Menariknya, meskipun harga komoditas global sangat volatil, Indonesia tetap mampu mencatatkan surplus neraca perdagangan secara berturut-turut. Keberhasilan ini dipicu oleh ekspor lemak dan minyak nabati (CPO) serta produk besi baja yang kualitasnya semakin diakui secara global. Cadangan devisa pun tetap berada pada level yang kuat, cukup untuk membiayai lebih dari 6 bulan impor dan pembayaran utang luar negeri pemerintah.
Ujian Berat di Akhir Tahun
Catatan ekonomi 2025 tidak lepas dari ujian berat. Bencana alam yang melanda wilayah Sumatera di penghujung tahun menjadi perhatian serius para ekonom. Pemerintah harus bergerak cepat mengalokasikan dana pemulihan dan rekonstruksi mencapai Rp51,82 triliun. Meskipun bencana ini memberikan koreksi tipis sekitar 0,017% terhadap total pertumbuhan nasional, koordinasi yang cepat antar lembaga berhasil mencegah dampak sistemik terhadap rantai pasok logistik nasional.
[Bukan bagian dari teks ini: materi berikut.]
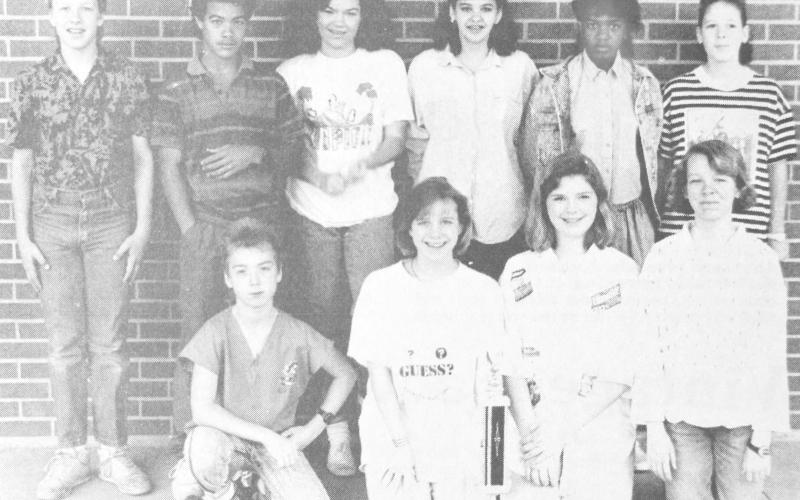 SEVENTH GRADE UIL WINNERS – Center Junior High School students who placed in the recent University Interscholastic League competition at Huntington were (front, from left) Chris Coleman, Amanda Holt, Judy Hawkins and Mary Moore. Also, (standing, from left) Bryan Hanson, Vic Carter, Christi Adams, Shannon Thomas, Angie Jackson and Nancy Wyatt.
Selain itu, tantangan transisi energi juga menjadi sorotan. Tahun 2025 ditandai dengan percepatan pensiun dini beberapa PLTU batu bara yang didukung oleh skema pendanaan JETP. Hal ini menunjukkan komitmen ekonomi hijau Indonesia yang mulai berdampak pada masuknya investasi “hijau” dari Uni Eropa dan Asia Timur.
Proyeksi Menuju 2026: Optimisme Terukur
Memasuki tahun 2026, pemerintah dan lembaga internasional seperti World Bank serta IMF memprediksi Indonesia akan tetap menjadi “bright spot” di kawasan ASEAN. Dengan pondasi transformasi digital yang semakin kuat dan implementasi penuh program-program prioritas seperti Makan Bergizi Gratis (MBG) yang diharapkan memicu perputaran ekonomi di tingkat desa, pertumbuhan tahun depan diproyeksikan bisa terakselerasi ke level 5,2% hingga 5,4%.
Secara keseluruhan, ekonomi Indonesia di tahun 2025 adalah cerminan dari kebijakan yang hati-hati (prudent) namun tetap progresif dalam membangun infrastruktur dan sumber daya manusia.